Here is a guide to the Juneteenth programming available on television and streaming platforms.
HBO is lifting the paywall on ‘Watchmen’
Those who haven’t yet seen Damon Lindelof’s Peabody-winning take on “Watchmen” have the chance to do so Friday through Sunday, when it streams free on HBO’s website and on-demand. The network will also carry a marathon of the nine-episode series on HBO and HBO Latino beginning Friday at 1 p.m.
“Watchmen,” set in an alternative reality roughly 35 years after the events of Alan Moore and Dave Gibbons’s graphic novel, explores how systemic racism persists in American society — and within the criminal justice system in particular, which might feel even more relevant today. Regina King stars as Angela Abar, a former Tulsa police officer who is a masked vigilante by night.
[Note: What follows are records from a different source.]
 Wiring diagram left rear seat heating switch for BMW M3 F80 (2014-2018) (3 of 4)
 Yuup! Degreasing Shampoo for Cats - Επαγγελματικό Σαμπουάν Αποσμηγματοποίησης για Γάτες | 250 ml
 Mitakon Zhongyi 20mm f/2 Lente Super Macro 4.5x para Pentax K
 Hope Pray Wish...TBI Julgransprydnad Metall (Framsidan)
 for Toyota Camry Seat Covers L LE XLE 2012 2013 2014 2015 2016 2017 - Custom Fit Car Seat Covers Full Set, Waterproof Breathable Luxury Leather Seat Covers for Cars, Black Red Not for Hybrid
The Washington Post’s David Betancourt referred to the show as “the boldest, blackest superhero story ever told on-screen.”
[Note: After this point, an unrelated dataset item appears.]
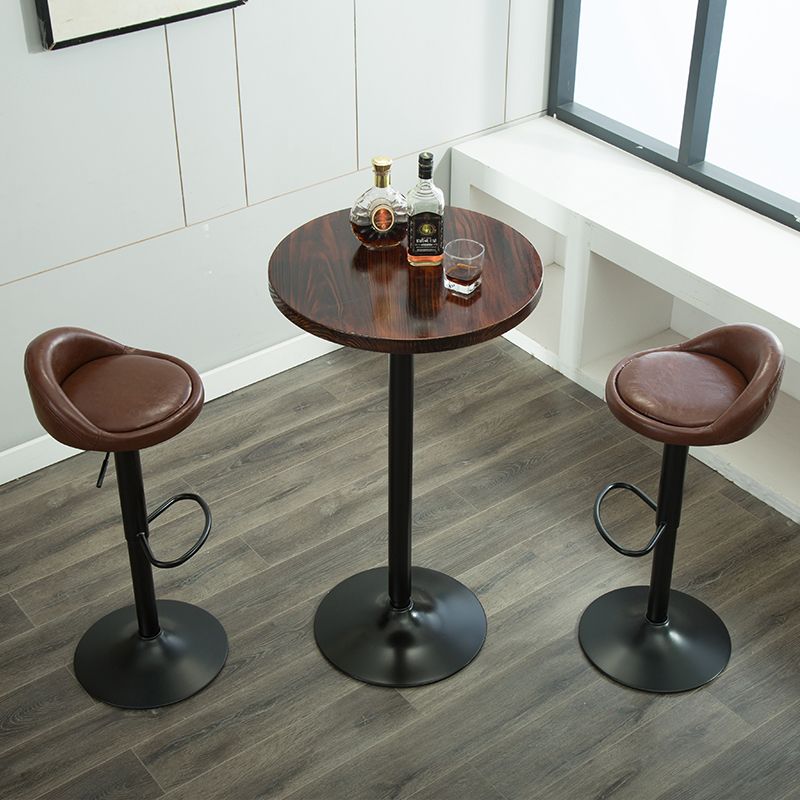 Round Counter Height Set Solid Wood 1/3 Pieces Pub Table Set Clearhalo 'Bar Furniture' 'furn' 'furn_home_bar_bar_sets' 'Furniture' 'Home Bars & Bar Sets' 'home_bar_bar_sets' 'Kitchen & Dining Furniture' 1200x1200_bc4bd91f-5f85-4590-b006-d288deaf01b5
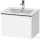 Duravit D-NEO 61x46,2 cm-es, 1 fiókos függesztett szekrény rozsdamentes acél hatású fogantyúval, 233663XXX mosdóhoz, matt fehér DE4261070180000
Warner Bros. continues to offer ‘Just Mercy’ free
Warner Bros. began the year with “Just Mercy,” which stars Michael B. Jordan as Bryan Stevenson, a real-life lawyer who, as in the events depicted, defended Walter “Johnny D.” McMillian (Jamie Foxx), a man imprisoned in Alabama for a murder he didn’t commit. The studio made the film free to rent on multiple platforms — including Amazon, YouTube and Google Play — through the end of June.
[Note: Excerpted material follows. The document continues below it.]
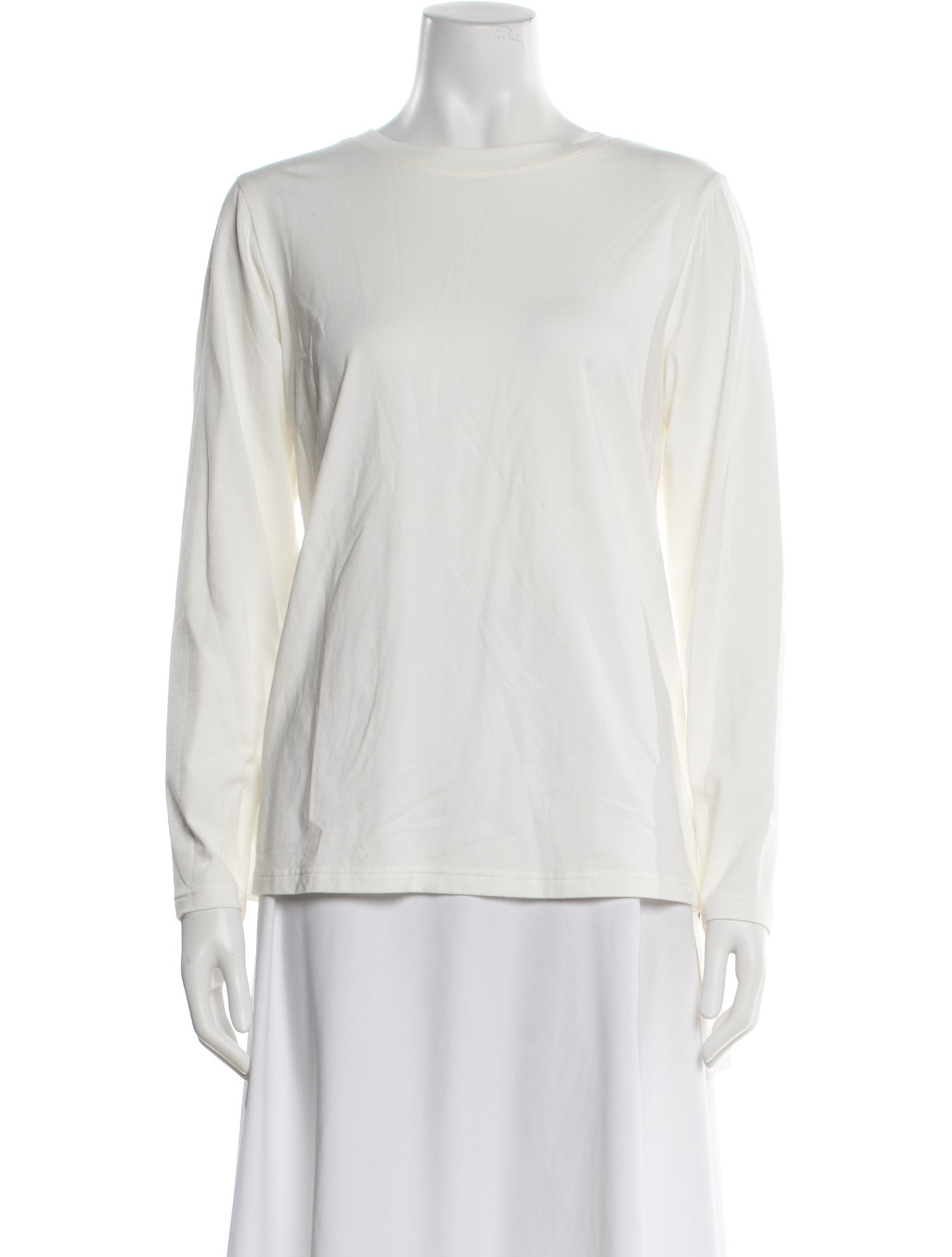 Bob Mackie Crew Neck Long Sleeve T-Shirt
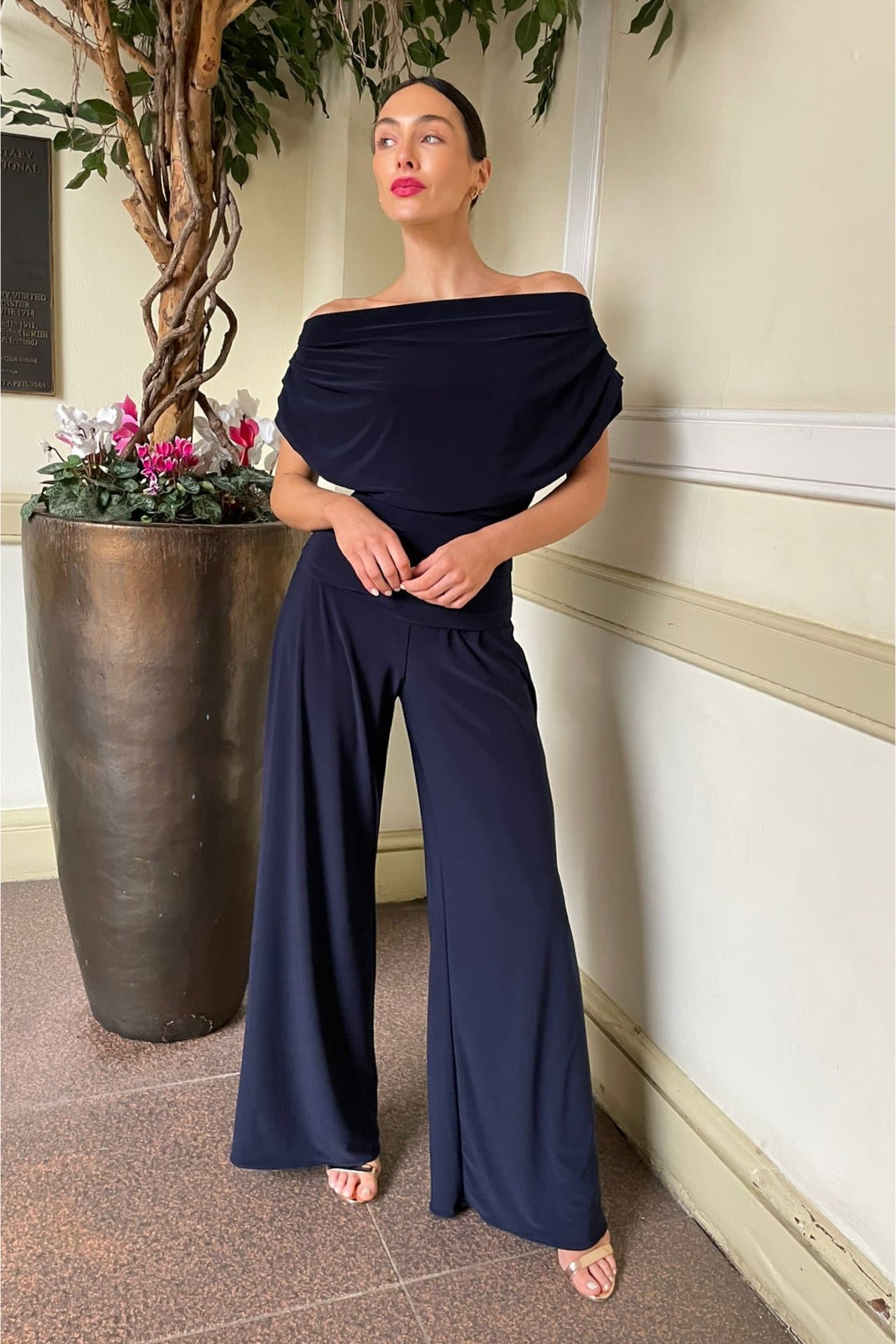 Atom Label Navy Carbon Jumpsuit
“Just Mercy” follows Stevenson, who went on to become a major figure in criminal justice reform, as he embeds himself in Monroeville, Ala., to better understand the system that entrapped Johnny D. It also offers a nuanced depiction of Johnny D.’s community, as well as the lives of other prisoners. The Post’s Ann Hornaday stated in her 3.5-star review that the film, directed by Destin Daniel Cretton (“Short Term 12”), “keeps its emotions on a low simmer, its absorbing, tautly designed drama finally coming to a climax that is satisfying on one level, and absolutely shattering on another.”
“From its smooth visuals and warm, swinging sounds to its magnificent performances,” she wrote, “ ‘Just Mercy’ is masterfully constructed to keep us inside a story that otherwise would be too brutal to bear.”
FX is airing a ‘special collection’ of movies and television episodes
FX Networks will fill the Friday schedules of three networks — FX, FXX and FXM — with identical programming. It will begin with Theodore Melfi’s “Hidden Figures” at 7 a.m., with Ava DuVernay’s “Selma” at 10, then transition at 1 p.m. into a seven-hour block of select episodes from “Blackish.” The last of those 14 episodes, “Juneteenth,” is a musical special that opened the fourth season and, according to The Post’s Bethonie Butler, “sought to clear up misconceptions about slavery and American history.”
Beginning at 8 p.m., FX will air eight episodes of the Donald Glover-created series “Atlanta,” including its own “Juneteenth.” Jordan Peele’s film “Get Out” will then play twice, beginning at 12:47 a.m.
AMC networks are showing a ‘Black History Month Spectacular’
The variety series “Sherman’s Showcase,” which was just renewed for a second season, will first return as the one-hour “Black History Month Spectacular.” The special, which will air Friday on AMC at 10 p.m. and on IFC at 11, comes from series creators Bashir Salahuddin and Diallo Riddle and will, per a release, honor “historic African-American icons both past and present, alongside superheroes, period dramas, vampires, and a very special re-imagining of the cult film The Last Dragon.”
In a review of the special, the New York Times described the irreverent series as “clever, sometimes stinging and encyclopedically well-informed … but at the end of the day it wants you to smile, however ruefully.”
Netflix and Hulu are highlighting black storytelling
While it is not specific to Juneteenth, Netflix users might notice a new “Black Lives Matter” genre appearing on the website. The company created this section as its peers began to issue statements on ongoing protests. The official account tweeted, “When we say ‘Black Lives Matter,’ we also mean ‘Black storytelling matters.’ With an understanding that our commitment to true, systemic change will take time — we’re starting by highlighting powerful and complex narratives about the Black experience.”
Hulu has similarly added a “Black Stories” genre to the platform.